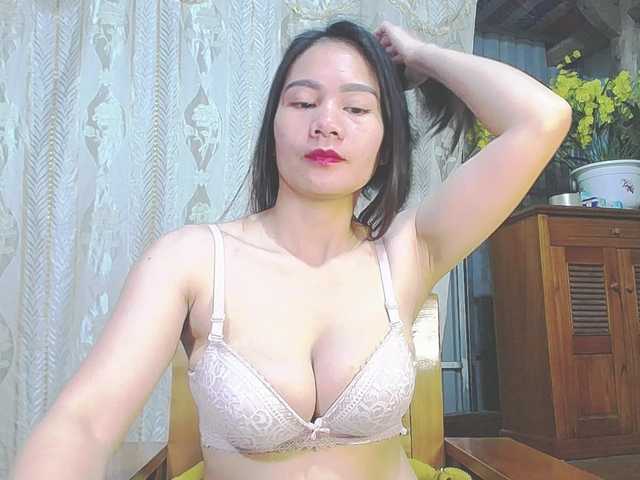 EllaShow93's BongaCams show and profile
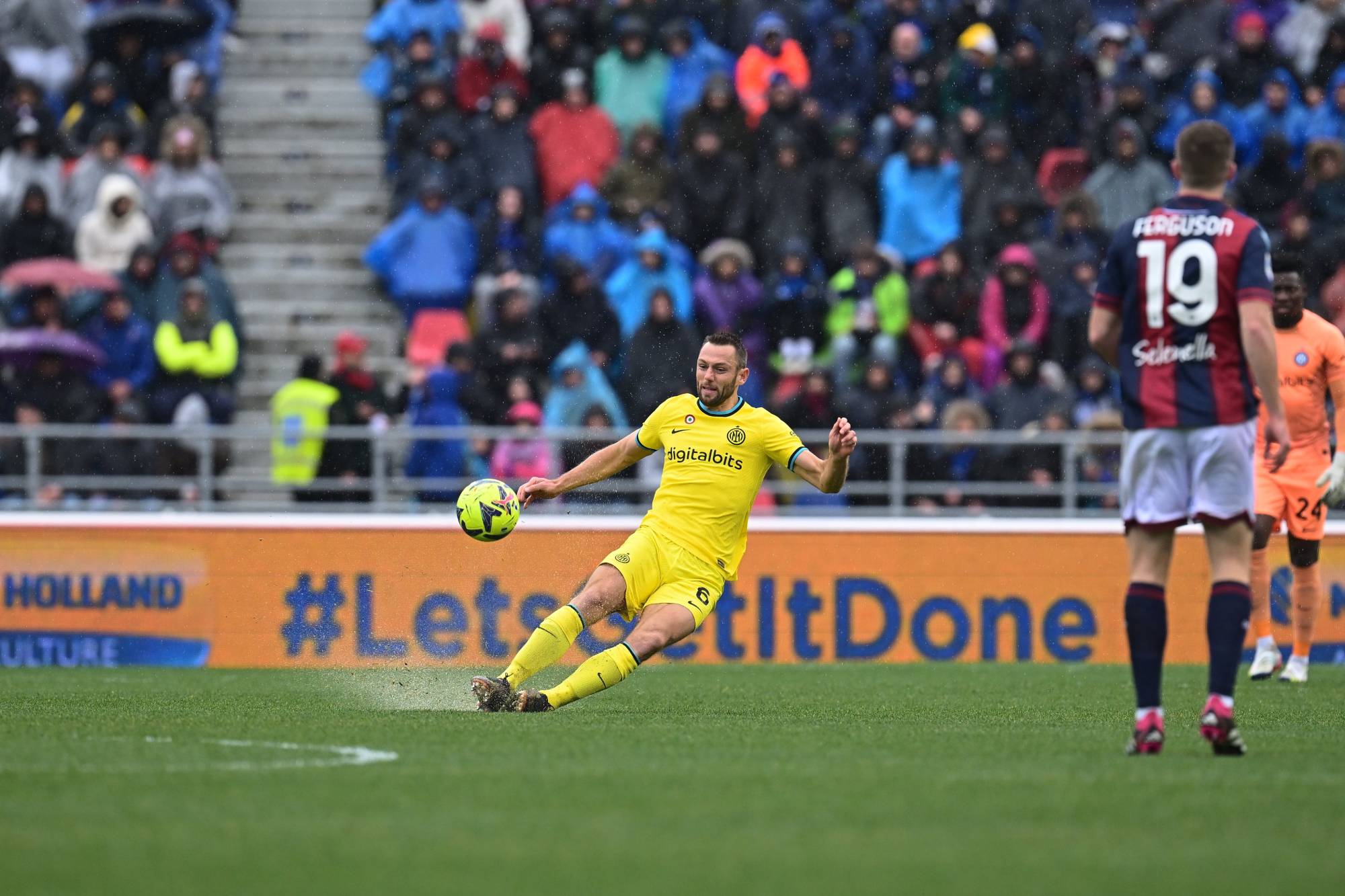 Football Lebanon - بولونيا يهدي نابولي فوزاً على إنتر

...

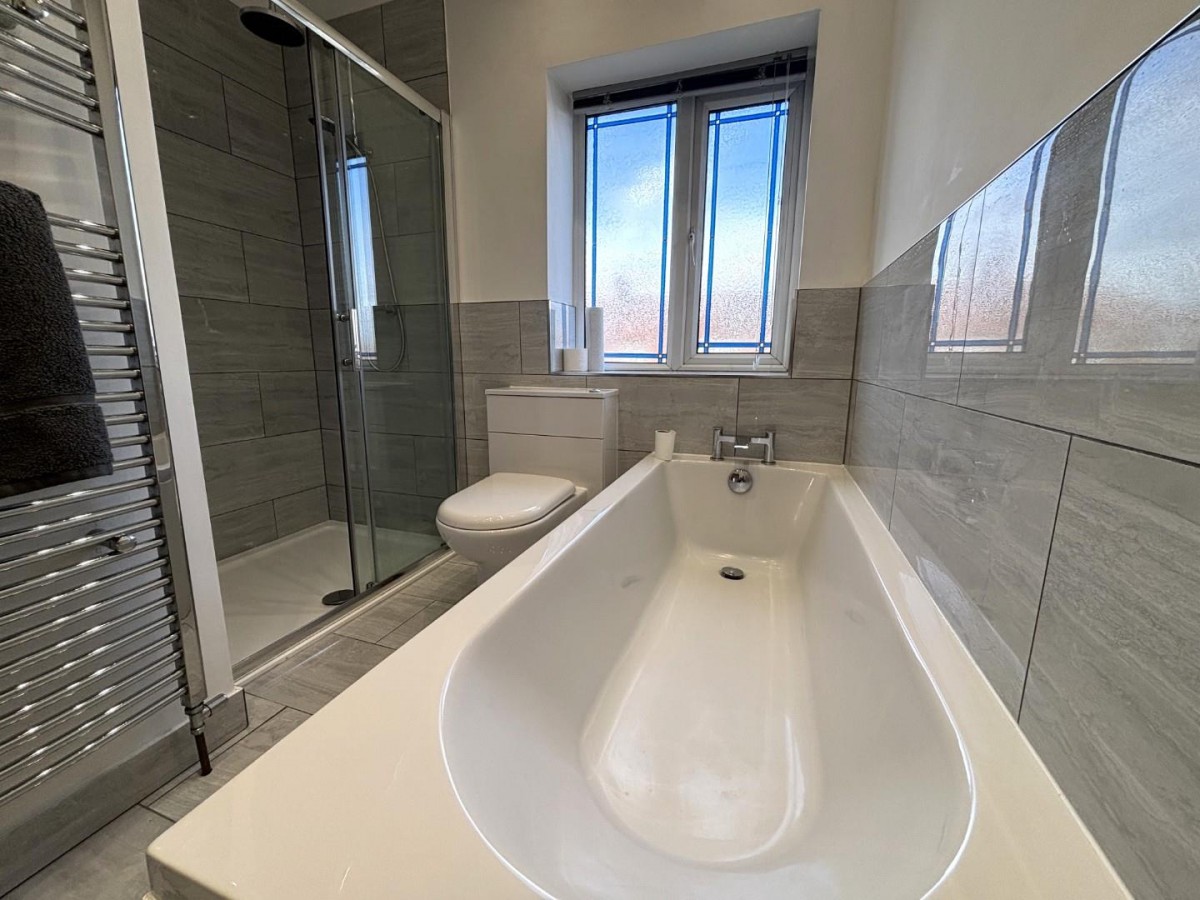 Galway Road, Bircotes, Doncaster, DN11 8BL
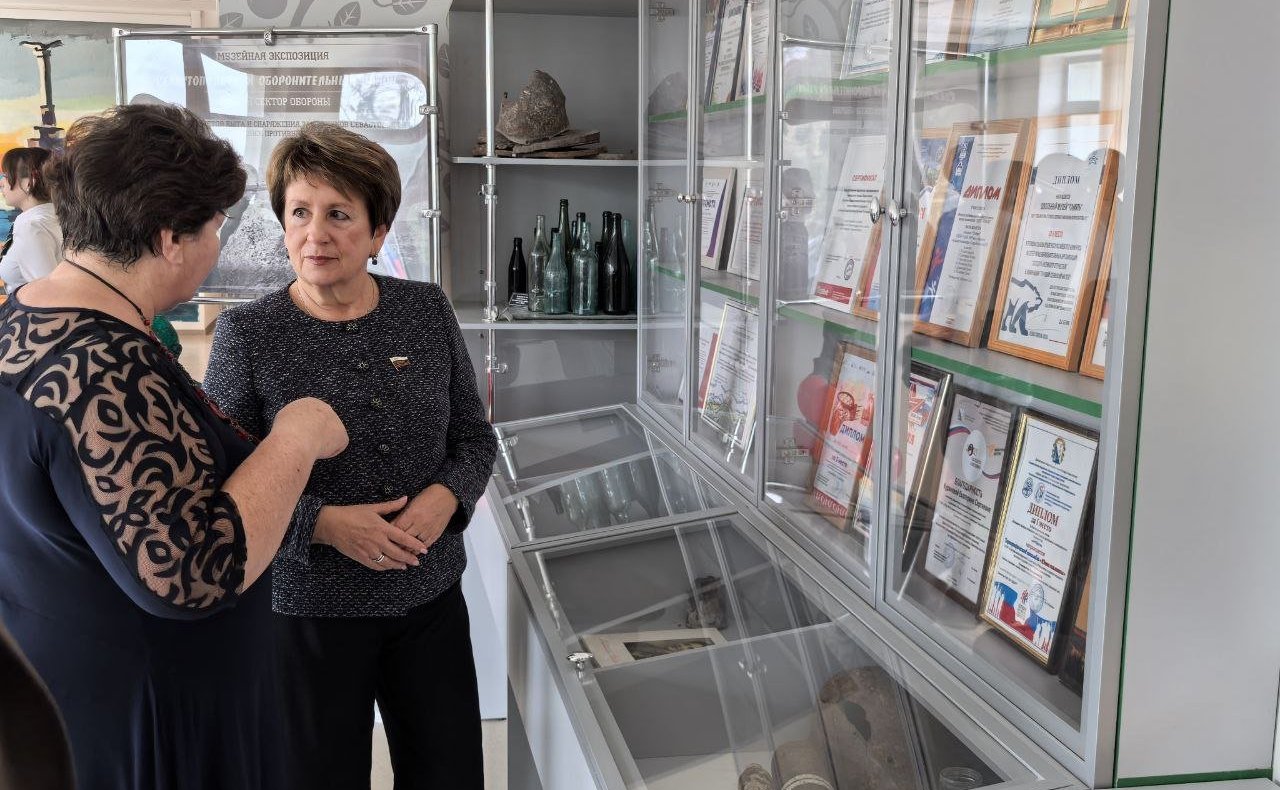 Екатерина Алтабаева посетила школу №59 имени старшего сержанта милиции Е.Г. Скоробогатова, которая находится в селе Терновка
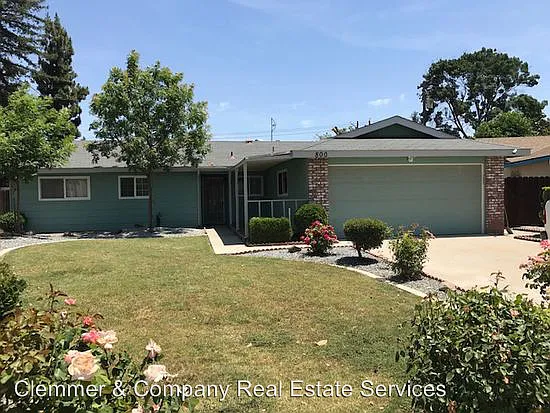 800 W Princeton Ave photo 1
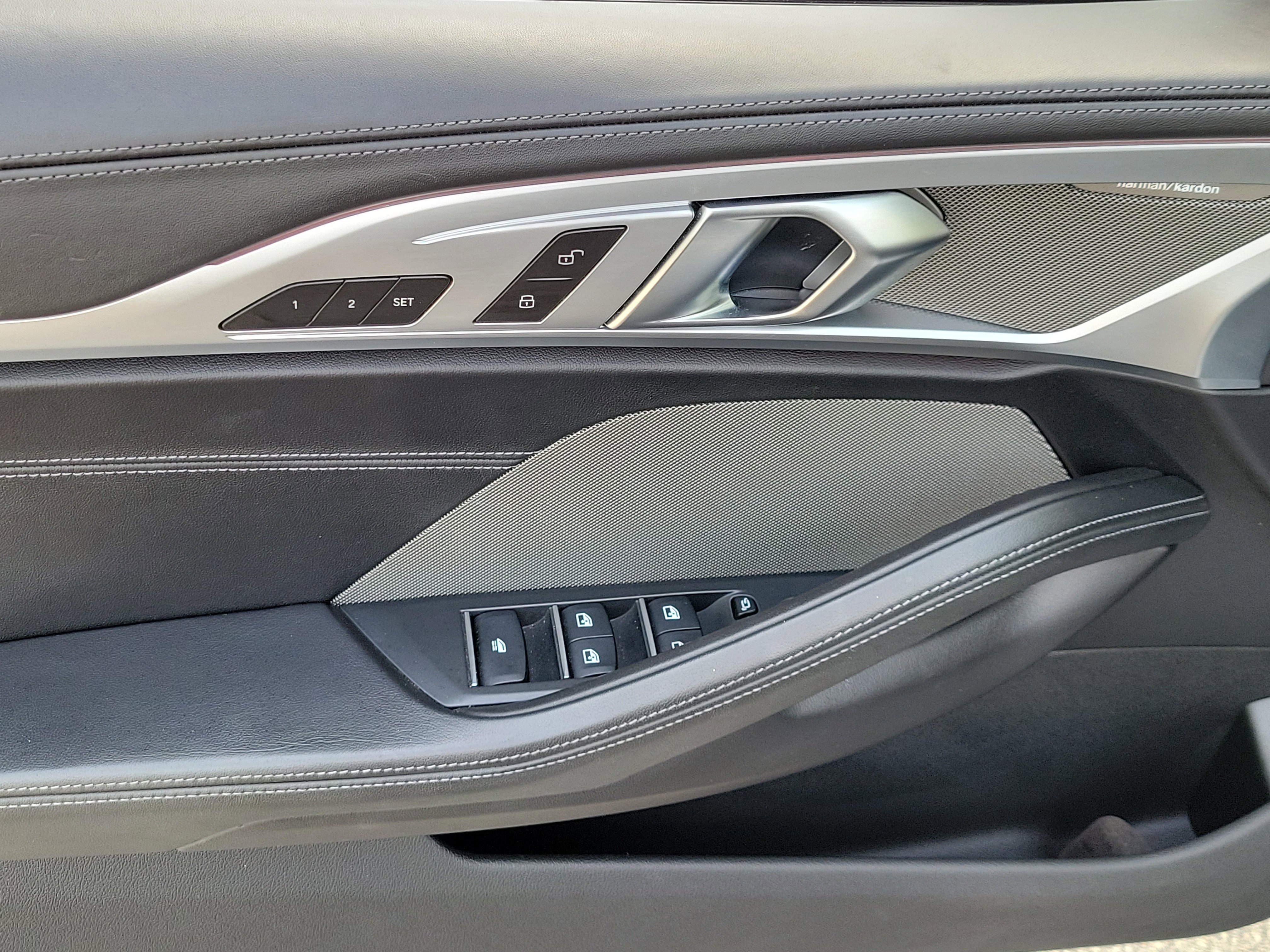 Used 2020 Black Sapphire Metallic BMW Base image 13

---

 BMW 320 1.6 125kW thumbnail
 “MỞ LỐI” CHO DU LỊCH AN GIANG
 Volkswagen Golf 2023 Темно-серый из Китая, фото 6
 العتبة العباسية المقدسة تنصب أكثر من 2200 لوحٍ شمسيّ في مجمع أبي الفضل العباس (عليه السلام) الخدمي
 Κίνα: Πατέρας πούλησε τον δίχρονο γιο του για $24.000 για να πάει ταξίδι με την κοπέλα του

HOW TO COMPLETE THIS TASK »
Return exactly the part of the listing above that opens with the line containing "Galway Road, Bircotes, Doncaster, DN11 8BL" and closes with the line containing "Used 2020 Black". Pictures stay out.

RESPONSE TO THE TASK »
 Galway Road, Bircotes, Doncaster, DN11 8BL
 Екатерина Алтабаева посетила школу №59 имени старшего сержанта милиции Е.Г. Скоробогатова, которая находится в селе Терновка
 800 W Princeton Ave photo 1
 Used 2020 Black Sapphire Metallic BMW Base image 13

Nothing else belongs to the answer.